El oro del César
A mediados de mayo de 2002, los entonces presidentes del Gobierno, José María Aznar, y el de la Comunidad de Madrid, Alberto Ruiz-Gallardón, inauguraron con pompa y boato la remodelación del intercambiador de transportes de Nuevos Ministerios. Entre las principales novedades que presentaba, una terminal de facturación que permitiría a los usuarios del aeropuerto dejar las maletas en el centro de Madrid, y libres de bultos, dirigirse a tomar sus vuelos. Sobre el papel era un sistema cómodo y rentable y las autoridades públicas, la Comunidad y el Ministerio de Fomento, seguros de su éxito, lo publicitaron con exceso. Pero la realidad es cabezona. Siete años después los mostradores de facturación permanecen cerrados.
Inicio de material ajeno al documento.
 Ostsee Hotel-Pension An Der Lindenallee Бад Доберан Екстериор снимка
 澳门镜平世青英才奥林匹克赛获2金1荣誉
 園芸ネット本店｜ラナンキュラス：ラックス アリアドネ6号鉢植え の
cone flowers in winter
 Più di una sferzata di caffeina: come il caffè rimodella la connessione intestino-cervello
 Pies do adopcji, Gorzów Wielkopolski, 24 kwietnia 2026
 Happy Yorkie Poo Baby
Cualquier empresa que con su dinero hubiera acometido tal proyecto, además de cesar o despedir a los responsables, hubiera analizado las razones del fracaso. Pero los poderes públicos no juegan con su dinero, sino con el del contribuyente, y los fracasos raramente tienen un precio político. Pese a las previsiones, a la gente no le gustaba dejar sus maletas tan lejos de los aviones en los que iban a embarcar. Pero la ineficacia iba más allá, el trazado del metro sólo llegaba a las terminales que en ese momento existían. Cuando el Ministerio de Fomento inició y construyó la terminal T4, que acaparó Iberia, la facturación en Nuevos Ministerios dejó de tener sentido, pues este medio de transporte no llegaba hasta allí. La aerolínea española anunció su intención de no facturar en estos mostradores, dada la dificultad logística de llevar las maletas a la T4 y poco después el resto de aerolíneas siguieron su ejemplo.
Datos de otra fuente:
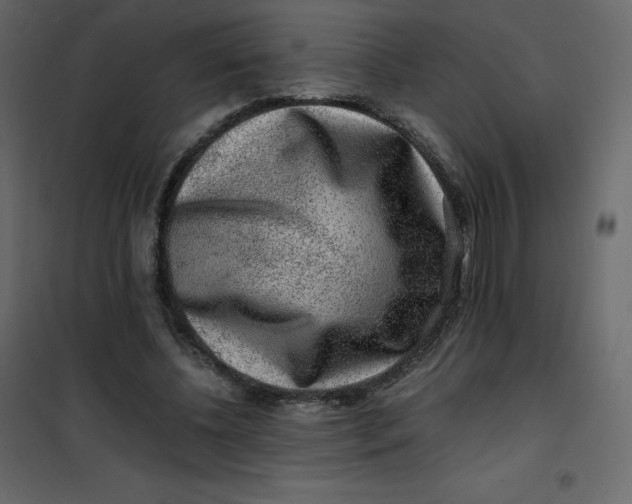 X0000101100540200807171914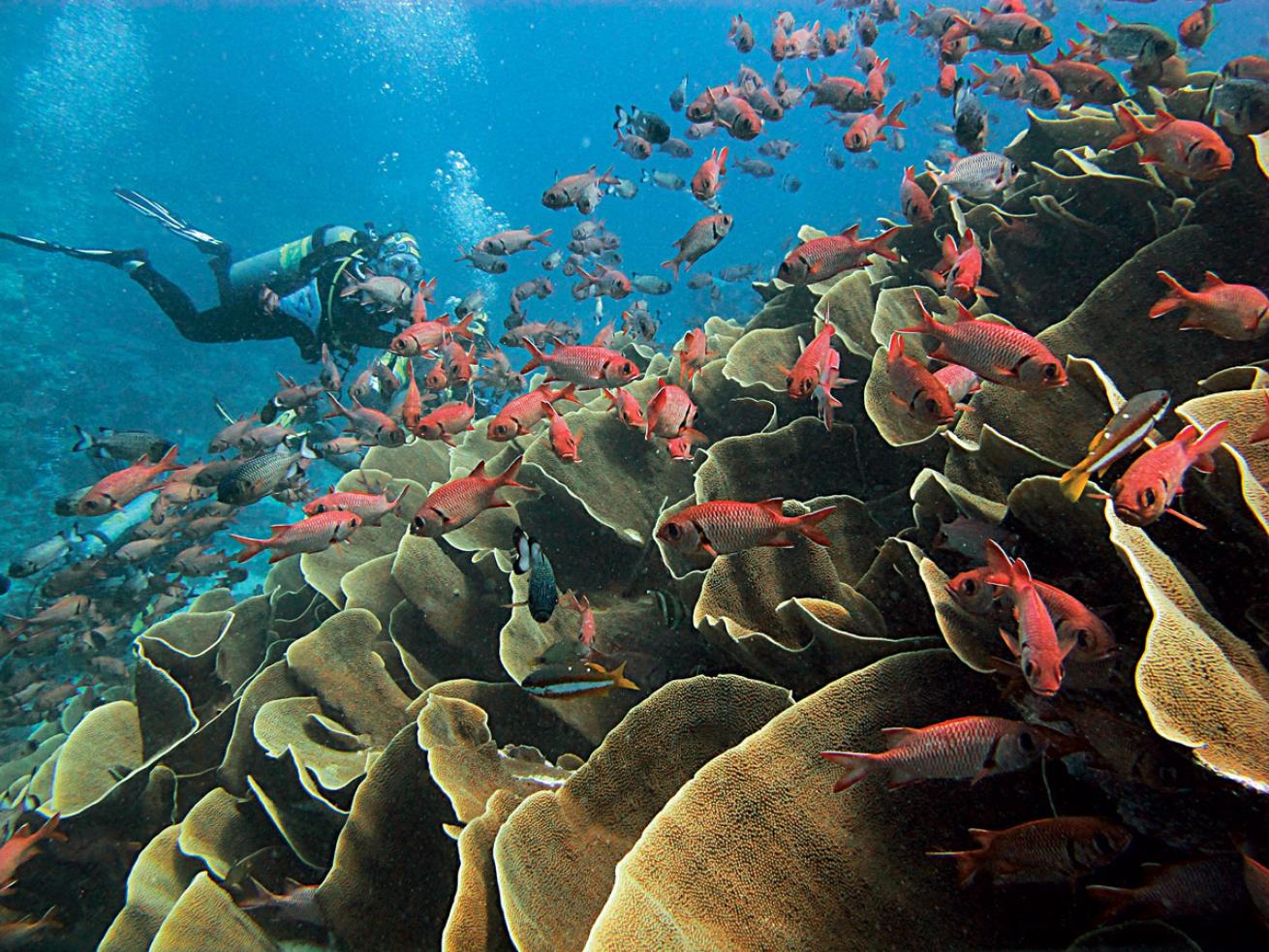 Palau Coral Reef Scuba Diving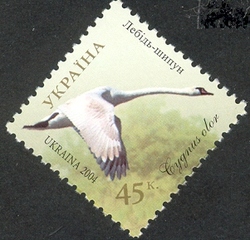 Dunai Biosphere Reserve - Mute Swan. Cygnus olor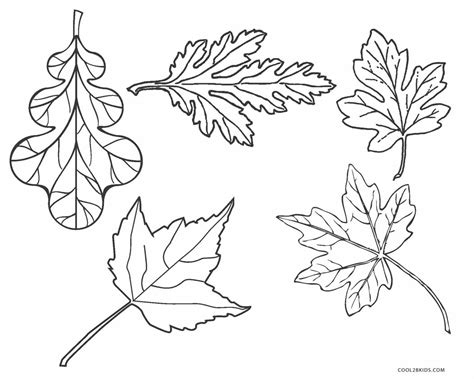 Free Printable Leaf Coloring Pages For Kids | Cool2bKids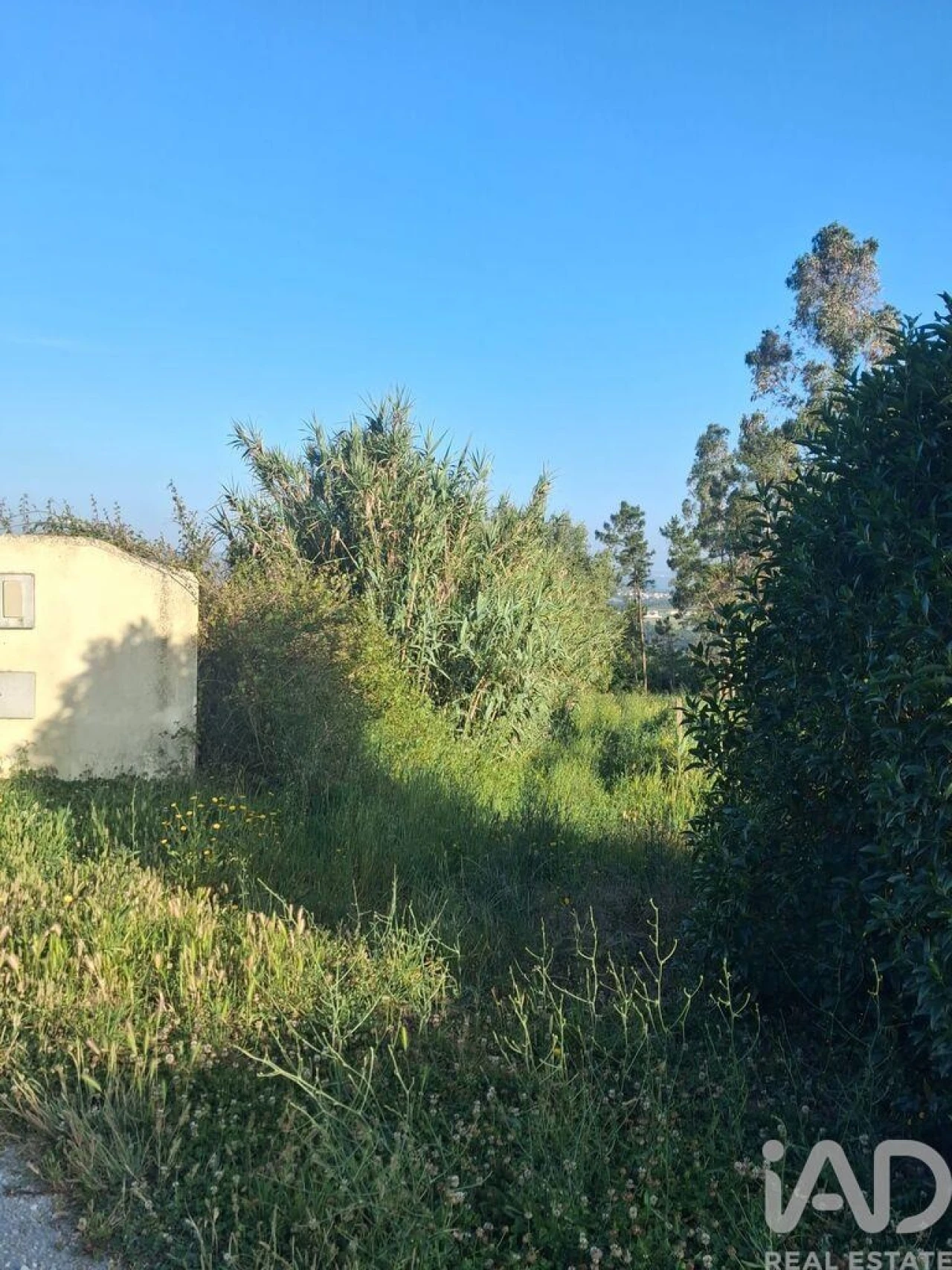 Terreno para Venda em Aljubarrota Foto 7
La terminal de facturación fue un rotundo fracaso, pero en muchos casos es difícil establecer cuando una obra pública es rentable o no, porque no vende nada. Por mucho que la M-30, autopista de circunvalación de Madrid, sea usada por miles de usuarios todos los días es difícil establecer si semejante infraestructura podría generar beneficio. La remodelación que ha acometido el ahora alcalde de Madrid, Alberto Ruiz-Gallardón, para mejorar su trazado y reducir los problemas de atascos y accesibilidad ha endeudado a los madrileños que deben en su conjunto más de 7.000 millones, hipotecando así la capacidad de futuras administraciones, pero sobre todo, arrebatando a los ciudadanos la capacidad de invertir ese dinero en negocios o actividades que sí que son rentables, que son los que generan empleo y riqueza.
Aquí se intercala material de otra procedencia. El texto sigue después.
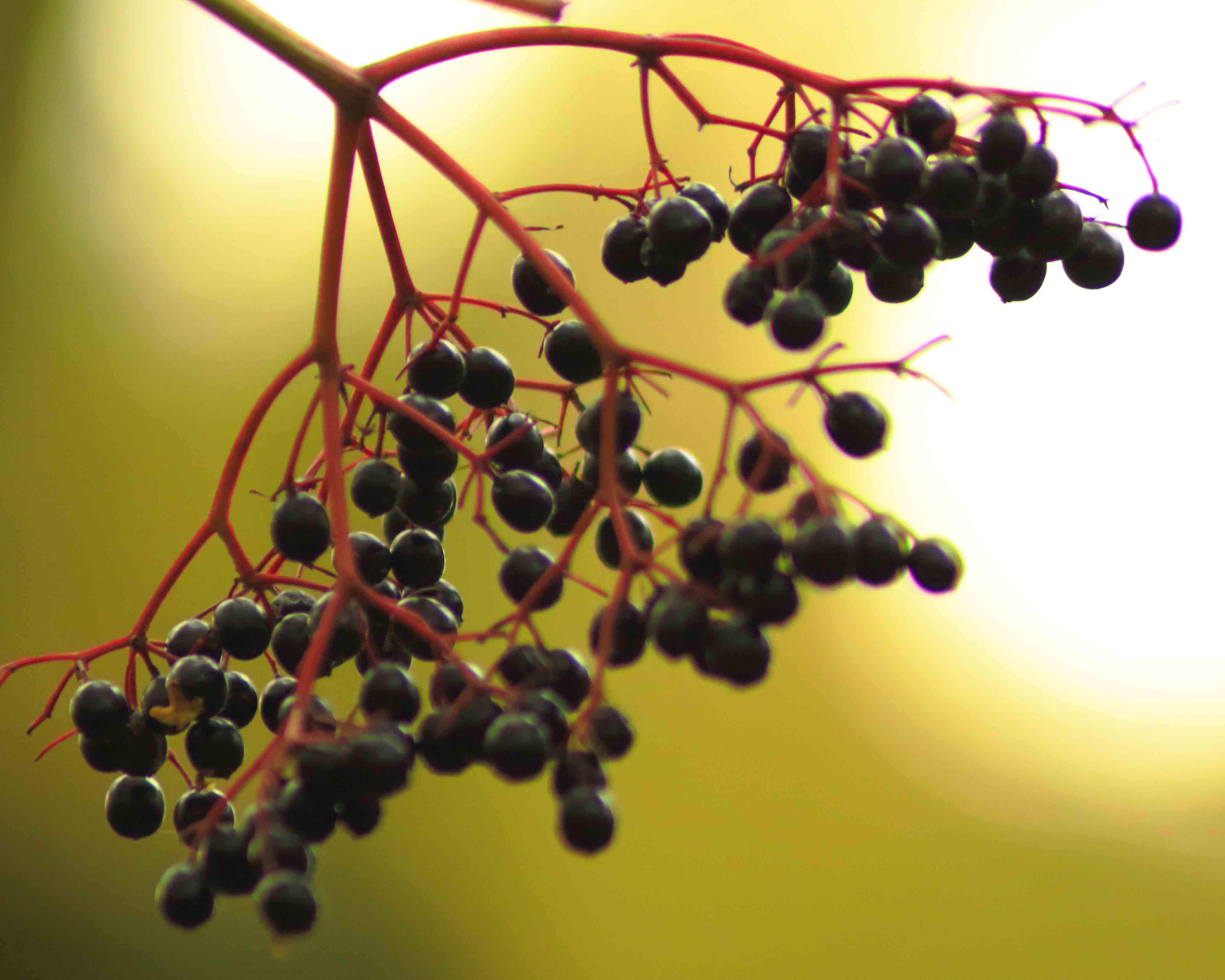 Elderberries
Otro macroproyecto de Alberto Ruiz-Gallardón, la celebración de los juegos olímpicos en 2016 que se ha llevado Río de Janeiro, ha tenido un fin que no ha sido de su agrado, pero ha evitado que la deuda de Madrid se haya disparado aún más. De todas formas, la promoción ha costado a los madrileños la no desdeñable cantidad de 17 millones de euros, cantidad que, invertida en negocios rentables, hubiera ayudado a hacer más llevadera la grave crisis financiera que sufre España.
Y quién paga estos excesos si no los contribuyentes, los ciudadanos. Tanta deuda no ha traído otra cosa que un incremento de impuestos, (IBI, tasa de la basura) y un sospechoso aumento del número y la cuantía de multas. Los ayuntamientos, los ministerios, no tienen otras formas de financiarse salvo la enajenación de sus activos, como el uso del suelo y que tras la burbuja inmobiliaria ha perdido valor. No venden nada y no entienden de rentabilidad. Sólo tienen planes, una burocracia que alimentar, cada vez mayor y en el peor de los casos, un megalómano o un visionario al mando. El oro del César es el de todos, pero lo maneja uno, para nuestra desgracia.